> Exercise objective:
Retype the lines below exactly, from the one that contains "714必下口子2025年精选，整理五个黑户也能借款的口子" through the last, and leave every picture out.

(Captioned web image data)
--------------------------------------------------
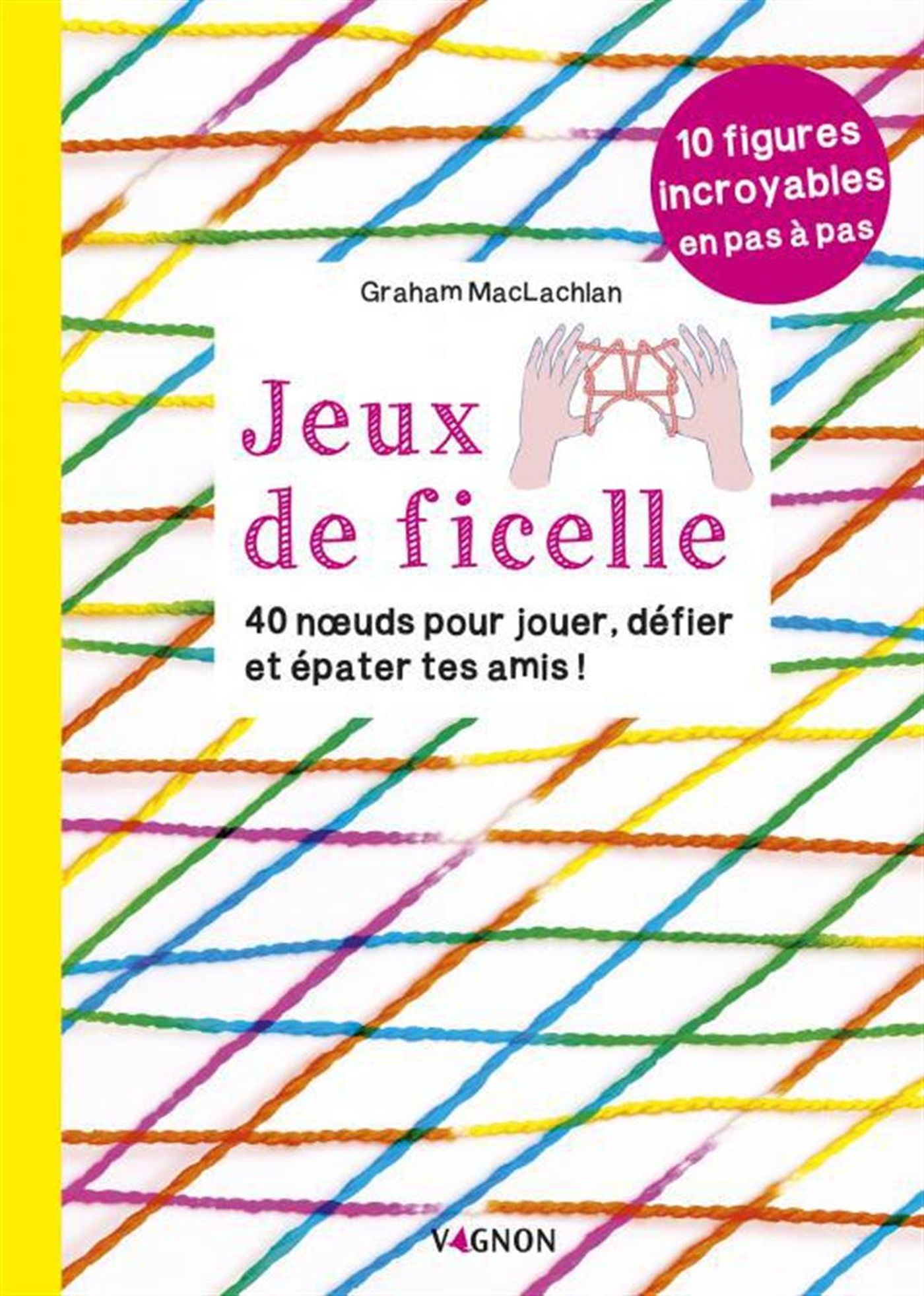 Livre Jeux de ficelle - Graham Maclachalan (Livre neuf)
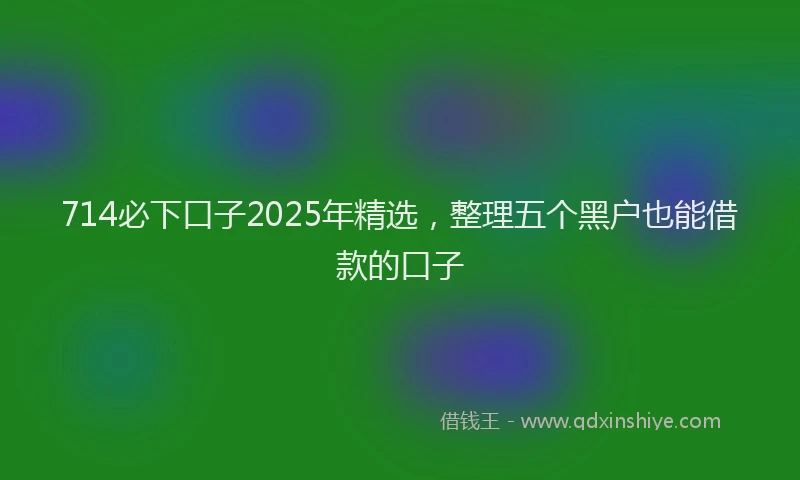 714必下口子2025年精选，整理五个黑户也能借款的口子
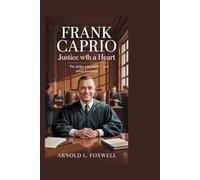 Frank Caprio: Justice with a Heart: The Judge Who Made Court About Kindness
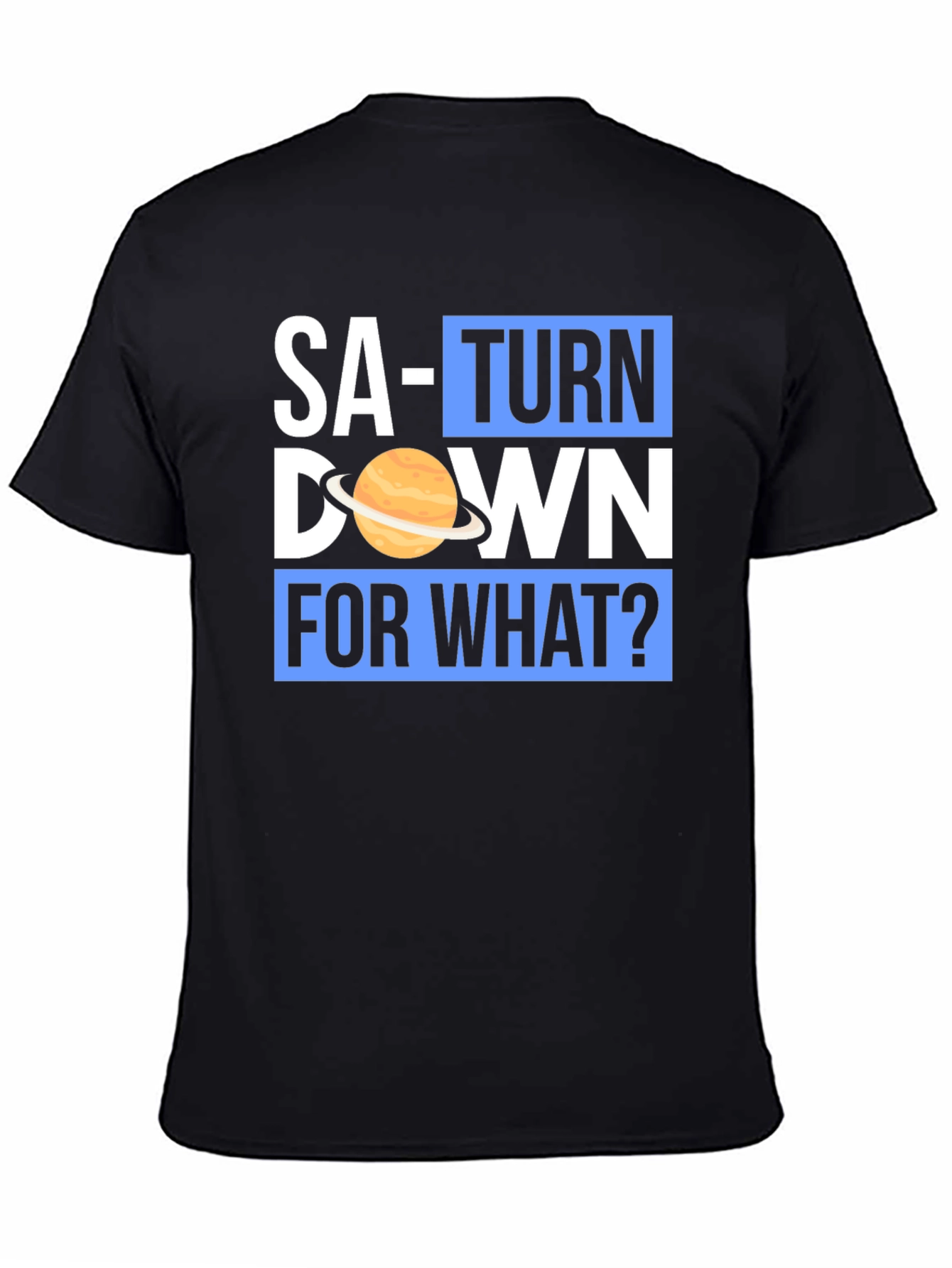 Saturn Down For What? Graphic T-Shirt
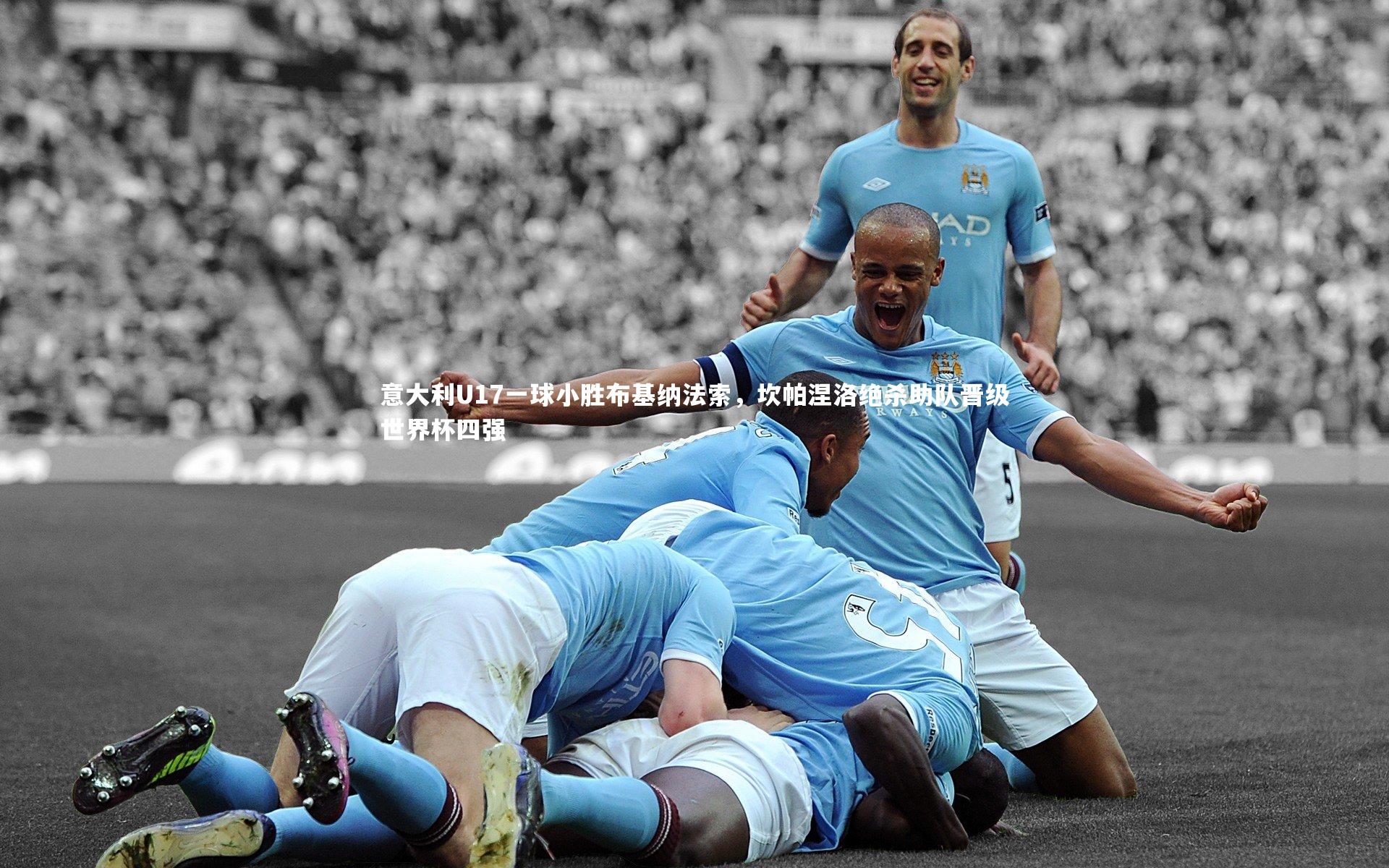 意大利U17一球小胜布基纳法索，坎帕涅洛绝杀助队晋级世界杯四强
--------------------------------------------------
> Task answer:
 714必下口子2025年精选，整理五个黑户也能借款的口子
 Frank Caprio: Justice with a Heart: The Judge Who Made Court About Kindness
 Saturn Down For What? Graphic T-Shirt
 意大利U17一球小胜布基纳法索，坎帕涅洛绝杀助队晋级世界杯四强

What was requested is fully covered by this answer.